C.H. Spurgeons's The Treasury of David
Verse 5. They saw it, and so they marvelled. They came, they saw, but they did not conquer. There was no veni, vidi, vici for them. No sooner did they perceive that the Lord was in the Holy City, than they took to their heels. Before the Lord came to blows with them, they were faint hearted, and beat a retreat. They were troubled and hasted away. The troublers were troubled. Their haste in coming was nothing to their hurry in going. Panic seized them, horses were not fleet enough; they would have borrowed the wings of the wind. They fled ignominiously, like children in a fright. Glory be to God, it shall be even thus with the foes of his church; when the Lord cometh to our help, our enemies shall be as nothing. Could they foresee their ignominious defeat, they would not advance to the attack.
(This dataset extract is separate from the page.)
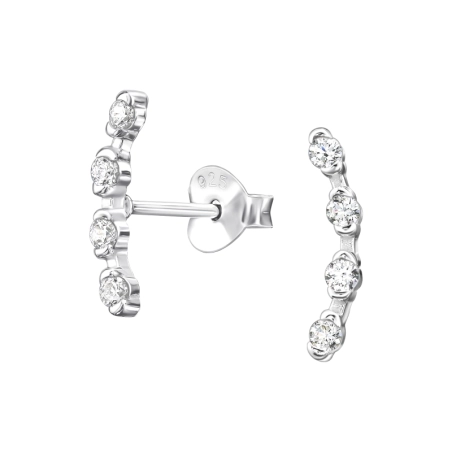 Görbe kocka cirkóniával Cirkónia stift fülbevaló Észer | All4silver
EXPLANATORY NOTES AND QUAINT SAYINGS
Verse 5-6. The potentates of the world saw the miracles of the apostles, the courage and constancy of the martyrs, and the daily increase of the church, notwithstanding all their persecutions; they beheld with astonishment the rapid progress of the faith through the Roman empire; they called upon their gods, but their gods could not help themselves; idolatry expired at the foot of the victorious cross. George Horne.
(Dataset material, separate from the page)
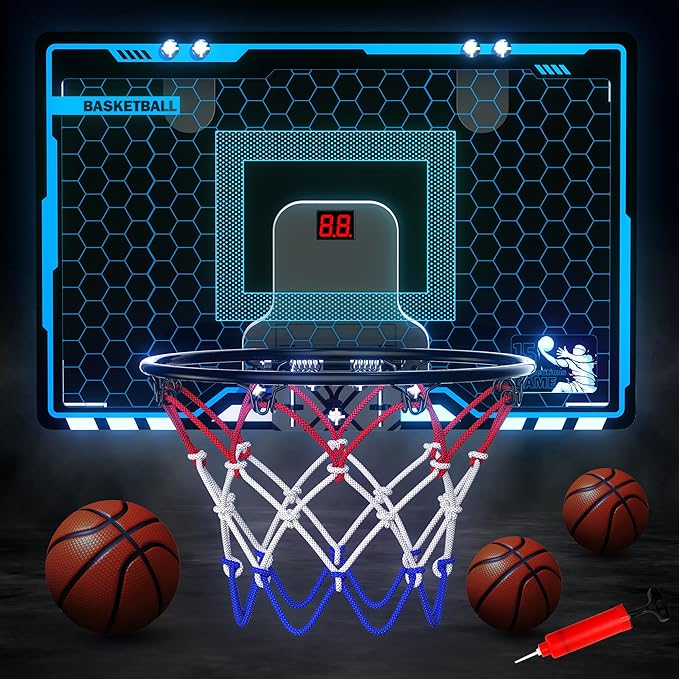 HopeRock Indoor Mini Basketball Hoop for Kids, Basketball Hoops Over The Door with LED Lighting, Mini Hoop with Scoreboard & 3 Balls, Basketball Toys Gifts for 5 6 7 8 9 10 11 12 Year Old Boys Girls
HINTS FOR PASTORS AND LAYPERSONS
- The opposition of worldly powers to the church. "The kings," etc.
- The manner in which they are subdued -- by their own fears; conscience has persecuted those who have persecuted the church of God. They who have seized the ark of God have been glad to return it with an offering.
- The completeness of their overthrow, As a fleet of ships of Tarshish, dispersed, broken, and engulfed by the east wind.